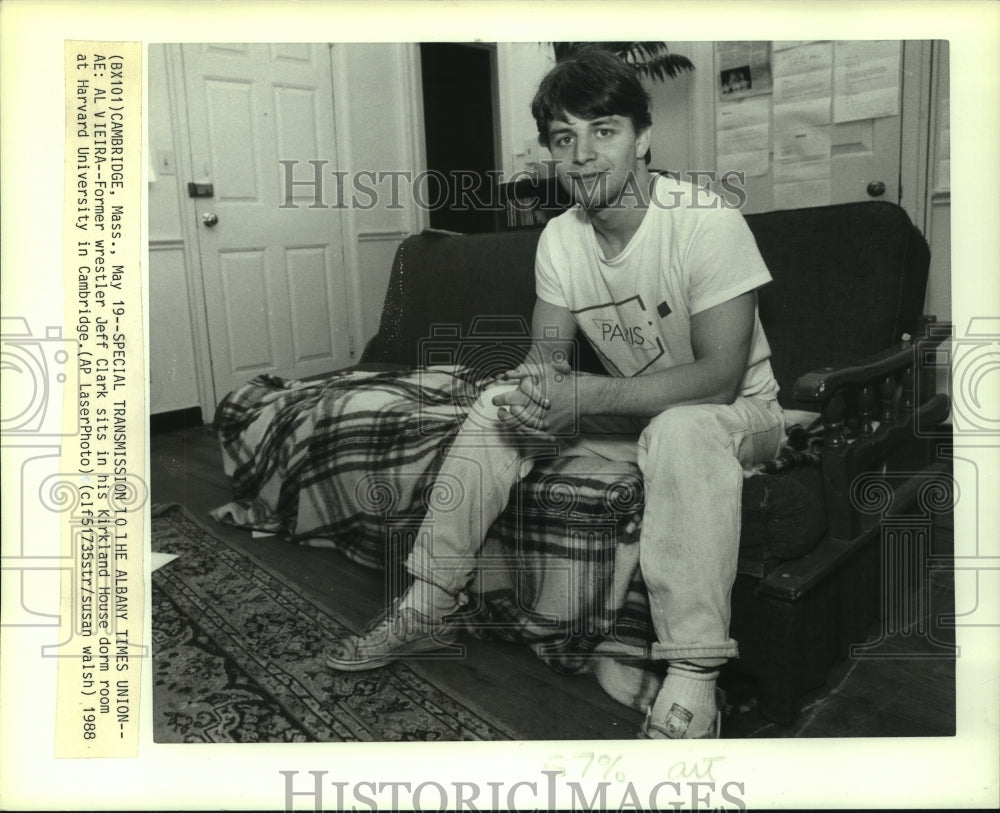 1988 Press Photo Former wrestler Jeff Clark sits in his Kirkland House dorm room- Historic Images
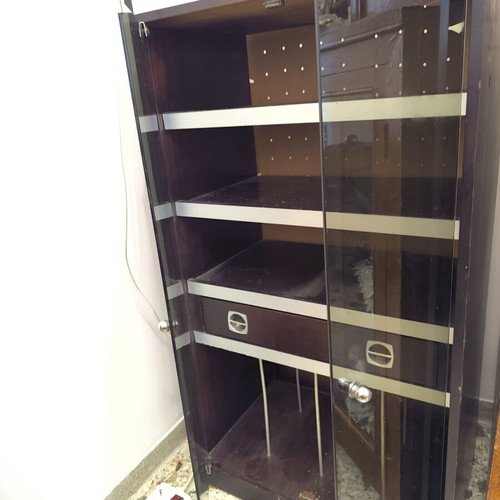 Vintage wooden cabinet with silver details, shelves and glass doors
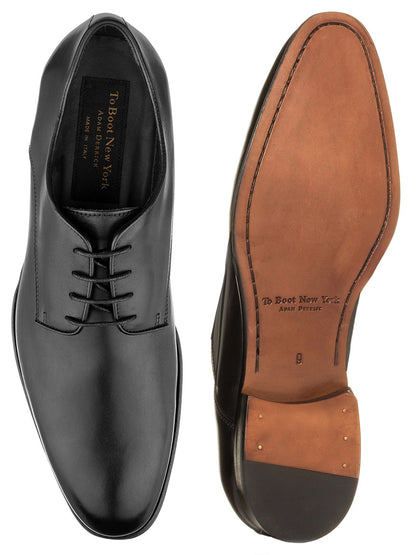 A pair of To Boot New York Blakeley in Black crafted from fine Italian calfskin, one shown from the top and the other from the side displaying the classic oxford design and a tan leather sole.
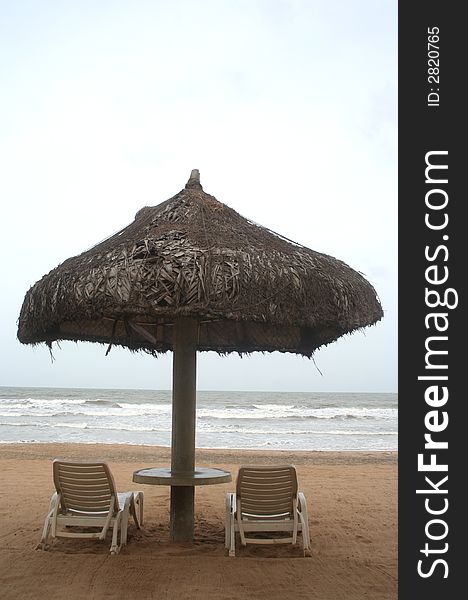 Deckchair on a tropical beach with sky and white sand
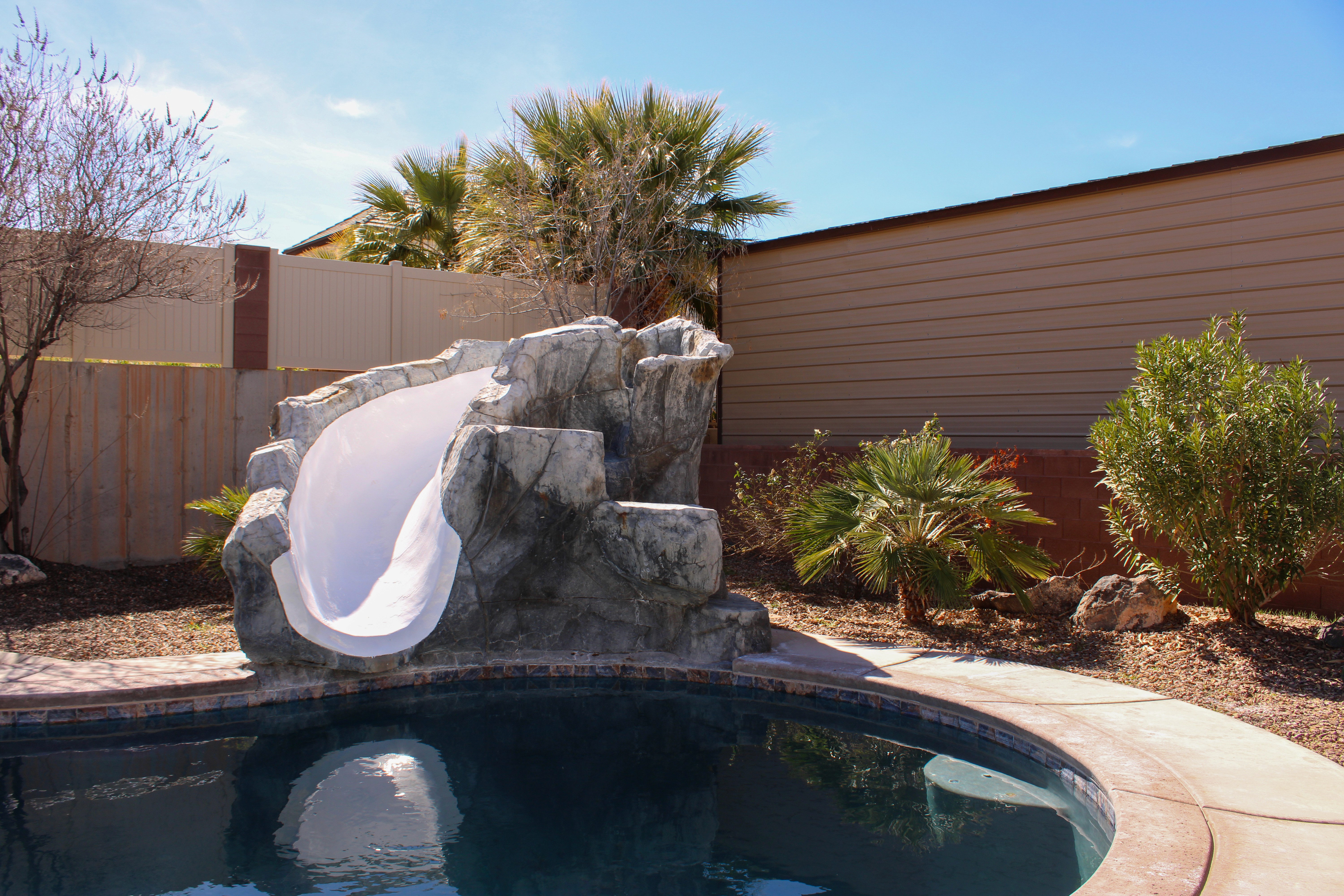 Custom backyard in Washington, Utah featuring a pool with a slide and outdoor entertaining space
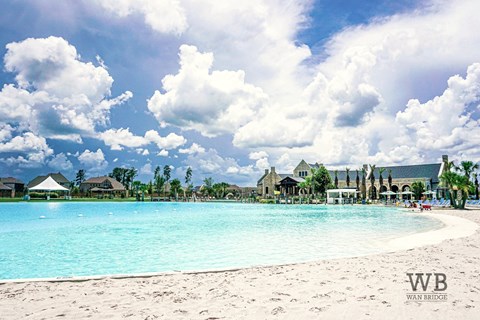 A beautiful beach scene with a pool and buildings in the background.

What you should do: Set down only the lines from the one with "A pair of To" through the end of the entries, exactly as they appear, leaving out each picture.

Output of the task:
 A pair of To Boot New York Blakeley in Black crafted from fine Italian calfskin, one shown from the top and the other from the side displaying the classic oxford design and a tan leather sole.
 Deckchair on a tropical beach with sky and white sand
 Custom backyard in Washington, Utah featuring a pool with a slide and outdoor entertaining space
 A beautiful beach scene with a pool and buildings in the background.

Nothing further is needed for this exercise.